05 May 2006

Fundamentalist atheism or naturalism?


An excellent piece by A.C. Grayling on attempts by theists (Christians, specifically) to find new ways to denigrate those who do not share their superstition. As Grayling puts it:
Inculcating the various competing - competing, note - falsehoods of the major faiths into small children is a form of child abuse, and a scandal. Let us challenge religion to leave children alone until they are adults, whereupon they can be presented with the essentials of religion for mature consideration. For example: tell an averagely intelligent adult hitherto free of religious brainwashing that somewhere, invisibly, there is a being somewhat like us, with desires, interests, purposes, memories, and emotions of anger, love, vengefulness and jealousy, yet with the negation of such other of our failings as mortality, weakness, corporeality, visibility, limited knowledge and insight; and that this god magically impregnates a mortal woman, who then gives birth to a special being who performs various prodigious feats before departing for heaven.
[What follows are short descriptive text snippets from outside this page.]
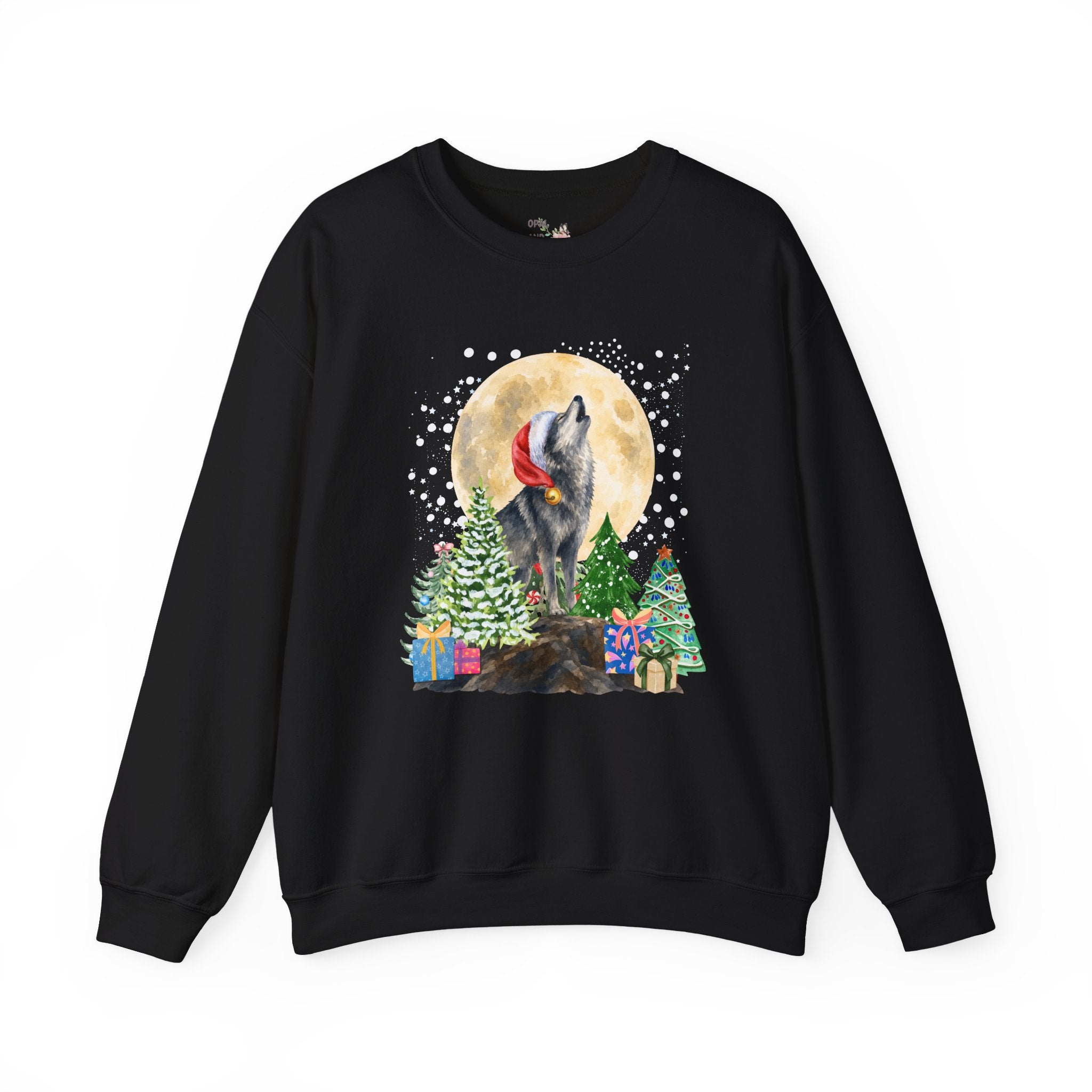 Kitschy Wolf Christmas Sweatshirt for Animal Lover, Maximalist Funny Wolf Sweatshirt of a Wolf Wearing a Santa Hat, Silly Goblincore Holiday Xmas Crewneck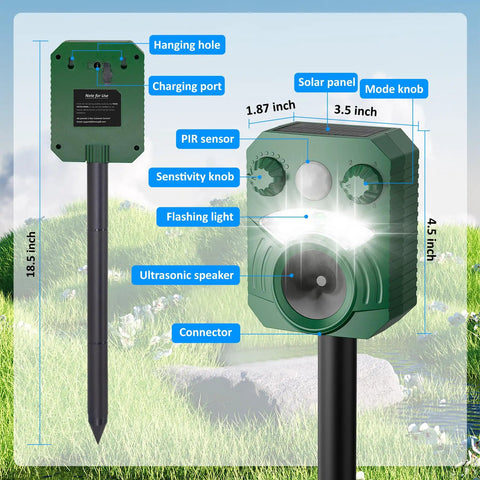 Solar Powered Outdoor Animal Repeller 2 Pack Ultrasonic Pest Deterrent With Motion Sensor And Flashing Light Waterproof Design Usb Charging Dual Power For Your Yard Guard Against Cats Deer Dogs Squirrels Easy Install Green, 18.5 inch stake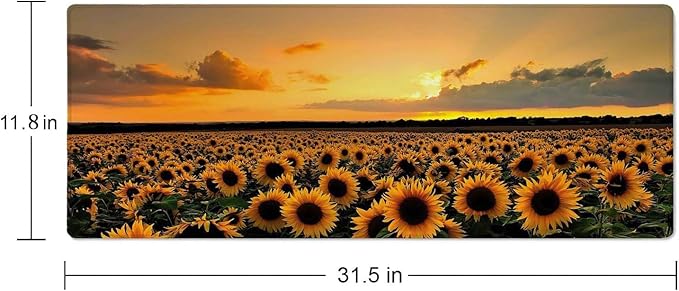 Sunflower Field Extended Big Mouse Pad Large,XL Gaming Mouse Pad Desk Pad,31.5x11.8inch Long Computer Keyboard Mouse Mat Mousepad with 3mm Non-Slip Base and Stitched Edge for Home Office Work
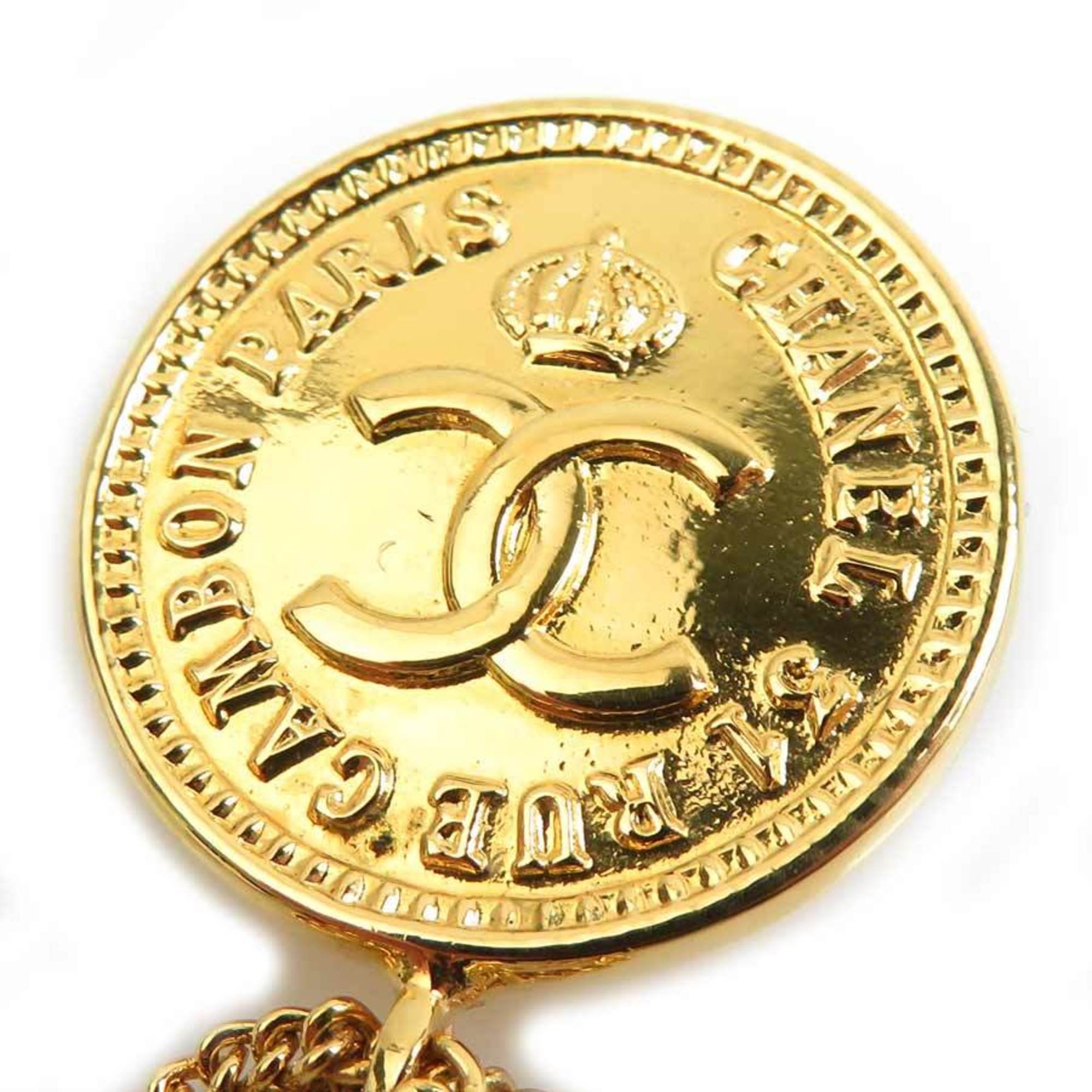 CC Logo Brooch Gold-Tone Metal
Take your pick of which version of this story to tell: let a King of Heaven impregnate - let's see - Danae or Io or Leda or the Virgin Mary (etc, etc) and let there be resulting heaven-destined progeny (Heracles, Castor and Pollux, Jesus, etc, etc) - or any of the other forms of exactly such tales in Babylonian, Egyptian and other mythologies - then ask which of them he wishes to believe. One can guarantee that such a person would say: none of them.